- (Exam Topic 4)
The cloud customer will have the most control of their data and systems, and the cloud provider will have the least amount of responsibility, in which cloud computing arrangement?

1. A. IaaS
2. B. SaaS
3. C. Community cloud
4. D. PaaS

Correct Answer: A
IaaS entails the cloud customer installing and maintaining the OS, programs, and data; PaaS has the customer installing programs and data; in SaaS, the customer only uploads data. In a community cloud, data and device owners are distributed.

- (Exam Topic 1)
Which of the following storage types is most closely associated with a traditional file system and tree structure?

1. A. Volume
2. B. Unstructured
3. C. Object
4. D. Structured

Correct Answer: A
Volume storage works as a virtual hard drive that is attached to a virtual machine. The operating system sees the volume the same as how a traditional drive on a physical server would be seen.

- (Exam Topic 4)
When an organization is considering a cloud environment for hosting BCDR solutions, which of the following would be the greatest concern?

1. A. Self-service
2. B. Resource pooling
3. C. Availability
4. D. Location

Correct Answer: D
If an organization wants to use a cloud service for BCDR, the location of the cloud hosting becomes a very important security consideration due to regulations and jurisdiction, which could be dramatically different from the organization's normal hosting locations. Availability is a hallmark of any cloud service provider, and likely will not be a prime consideration when an organization is considering using a cloud for BCDR; the same goes for self-service options. Resource pooling is common among all cloud systems and would not be a concern when an organization is dealing with the provisioning of resources during a disaster.

- (Exam Topic 1)
What is the first stage of the cloud data lifecycle where security controls can be implemented?

1. A. Use
2. B. Store
3. C. Share
4. D. Create

Correct Answer: B
The "store" phase of the cloud data lifecycle, which typically occurs simultaneously with the "create" phase, or immediately thereafter, is the first phase where security controls can be implemented. In most case, the manner in which the data is stored will be based on its classification.

- (Exam Topic 4)
Which of the following is the least challenging with regard to eDiscovery in the cloud?

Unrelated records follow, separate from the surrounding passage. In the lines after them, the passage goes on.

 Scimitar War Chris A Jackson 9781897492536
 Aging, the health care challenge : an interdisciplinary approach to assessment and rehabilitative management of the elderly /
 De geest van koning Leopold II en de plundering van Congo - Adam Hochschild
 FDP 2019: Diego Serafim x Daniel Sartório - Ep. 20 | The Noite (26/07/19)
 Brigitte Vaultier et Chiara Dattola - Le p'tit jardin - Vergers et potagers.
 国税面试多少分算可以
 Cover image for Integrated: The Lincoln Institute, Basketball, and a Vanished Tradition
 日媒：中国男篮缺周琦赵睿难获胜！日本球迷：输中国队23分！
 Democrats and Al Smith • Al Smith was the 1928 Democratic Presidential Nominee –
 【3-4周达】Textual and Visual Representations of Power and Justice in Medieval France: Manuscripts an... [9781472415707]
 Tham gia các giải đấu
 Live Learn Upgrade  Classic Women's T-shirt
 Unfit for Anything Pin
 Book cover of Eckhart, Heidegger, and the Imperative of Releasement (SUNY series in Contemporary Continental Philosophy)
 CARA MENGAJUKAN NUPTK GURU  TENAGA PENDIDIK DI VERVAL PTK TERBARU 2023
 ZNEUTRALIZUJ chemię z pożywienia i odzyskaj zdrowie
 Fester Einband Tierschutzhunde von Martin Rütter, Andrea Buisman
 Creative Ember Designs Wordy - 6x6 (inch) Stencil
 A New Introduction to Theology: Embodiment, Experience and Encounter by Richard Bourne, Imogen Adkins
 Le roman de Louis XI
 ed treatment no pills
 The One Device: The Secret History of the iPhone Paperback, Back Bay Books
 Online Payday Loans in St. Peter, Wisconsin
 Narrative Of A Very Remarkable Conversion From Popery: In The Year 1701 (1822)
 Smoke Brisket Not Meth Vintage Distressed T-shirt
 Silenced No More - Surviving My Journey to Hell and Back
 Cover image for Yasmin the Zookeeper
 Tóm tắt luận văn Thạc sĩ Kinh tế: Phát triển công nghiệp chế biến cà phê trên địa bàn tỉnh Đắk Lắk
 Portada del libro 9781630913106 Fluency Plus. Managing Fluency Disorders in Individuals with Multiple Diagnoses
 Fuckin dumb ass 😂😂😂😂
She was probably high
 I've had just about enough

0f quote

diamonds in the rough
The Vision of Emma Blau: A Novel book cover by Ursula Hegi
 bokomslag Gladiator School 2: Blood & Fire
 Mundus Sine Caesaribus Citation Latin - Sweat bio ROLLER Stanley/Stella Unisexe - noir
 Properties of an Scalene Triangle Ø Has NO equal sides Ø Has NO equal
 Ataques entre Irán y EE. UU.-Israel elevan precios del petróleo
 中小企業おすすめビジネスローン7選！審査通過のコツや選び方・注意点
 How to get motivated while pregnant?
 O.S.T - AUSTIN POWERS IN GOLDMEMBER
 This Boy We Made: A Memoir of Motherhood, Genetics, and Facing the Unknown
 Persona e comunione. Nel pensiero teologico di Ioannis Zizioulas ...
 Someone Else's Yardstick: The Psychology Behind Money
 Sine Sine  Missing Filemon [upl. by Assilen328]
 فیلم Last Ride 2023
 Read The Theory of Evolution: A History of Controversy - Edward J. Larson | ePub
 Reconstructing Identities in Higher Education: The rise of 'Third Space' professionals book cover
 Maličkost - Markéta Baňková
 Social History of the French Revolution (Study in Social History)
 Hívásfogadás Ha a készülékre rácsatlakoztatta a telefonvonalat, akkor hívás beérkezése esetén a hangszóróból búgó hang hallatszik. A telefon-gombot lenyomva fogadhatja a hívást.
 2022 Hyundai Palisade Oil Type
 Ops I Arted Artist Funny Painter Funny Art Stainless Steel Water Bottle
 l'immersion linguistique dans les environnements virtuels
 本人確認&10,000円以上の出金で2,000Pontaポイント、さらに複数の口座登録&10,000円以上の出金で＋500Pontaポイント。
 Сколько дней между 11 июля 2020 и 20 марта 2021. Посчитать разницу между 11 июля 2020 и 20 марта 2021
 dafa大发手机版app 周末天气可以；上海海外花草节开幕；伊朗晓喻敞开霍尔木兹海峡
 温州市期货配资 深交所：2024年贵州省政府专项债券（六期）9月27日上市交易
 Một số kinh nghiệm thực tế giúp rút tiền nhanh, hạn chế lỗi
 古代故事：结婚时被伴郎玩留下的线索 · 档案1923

1. A. Identifying roles such as data owner, controller and processor
2. B. Decentralization of data storage
3. C. Forensic analysis
4. D. Complexities of International law

Correct Answer: C
Forensic analysis is the least challenging of the answers provided as it refers to the analysis of data once it is obtained. The challenges revolve around obtaining the data for analysis due to the complexities of international law, the decentralization of data storage or difficulty knowing where to look, and identifying the data owner, controller, and processor.